*What is needed*
A word-for-word copy of all entries is required, without images.

*Data records*
__________
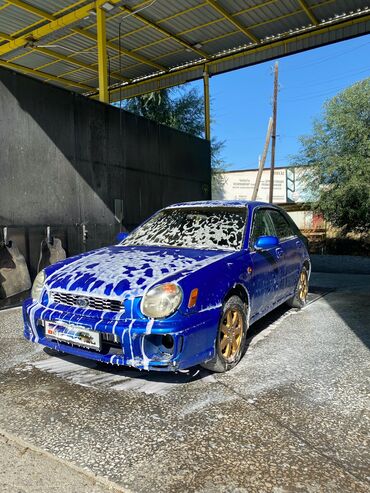 субару 2000: Subaru Impreza: 2001 г., 1.5 л, Автомат, Бензин, Универсал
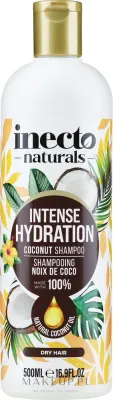 Шампунь для волос Inecto Naturals Coconut Shampoo питательный, с кокосовым маслом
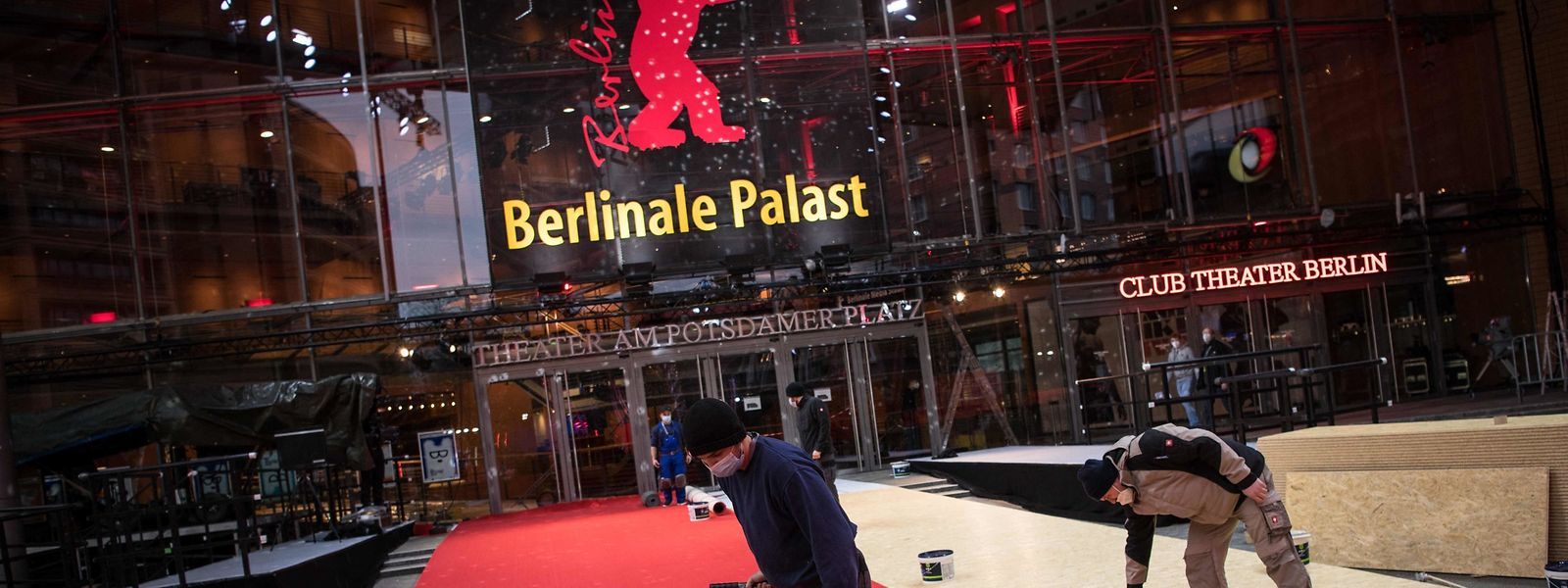 Trotz hoher Infektionszahlen will die Berlinale so weit wie möglich als Präsenzfestival stattfinden – das Argument: Sichtbarkeit für die Kultur und die Filmwirtschaft.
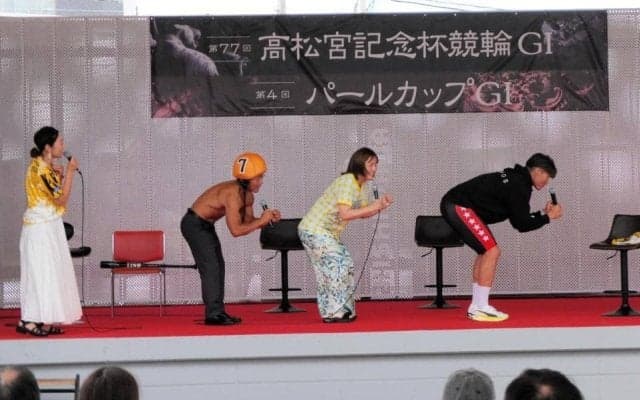 【競輪】岸和田Ｇ１　糸井嘉男が競輪選手の筋肉を絶賛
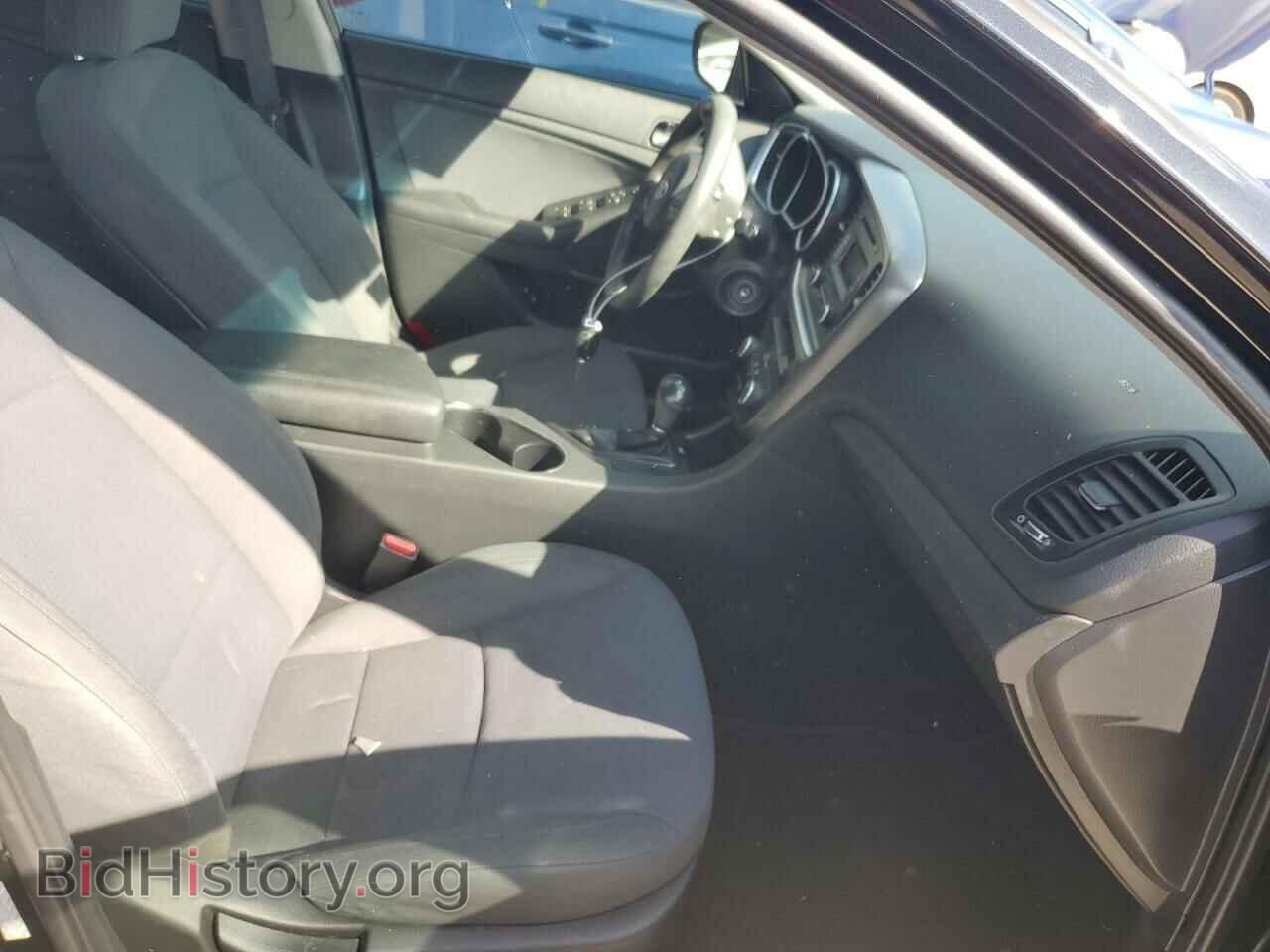 2015 KIA OPTIMA - VIN: KNAGM4A78F5613787 - Photo 5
__________
*Solution to this task*
 субару 2000: Subaru Impreza: 2001 г., 1.5 л, Автомат, Бензин, Универсал
 Шампунь для волос Inecto Naturals Coconut Shampoo питательный, с кокосовым маслом
 Trotz hoher Infektionszahlen will die Berlinale so weit wie möglich als Präsenzfestival stattfinden – das Argument: Sichtbarkeit für die Kultur und die Filmwirtschaft.
 【競輪】岸和田Ｇ１　糸井嘉男が競輪選手の筋肉を絶賛
 2015 KIA OPTIMA - VIN: KNAGM4A78F5613787 - Photo 5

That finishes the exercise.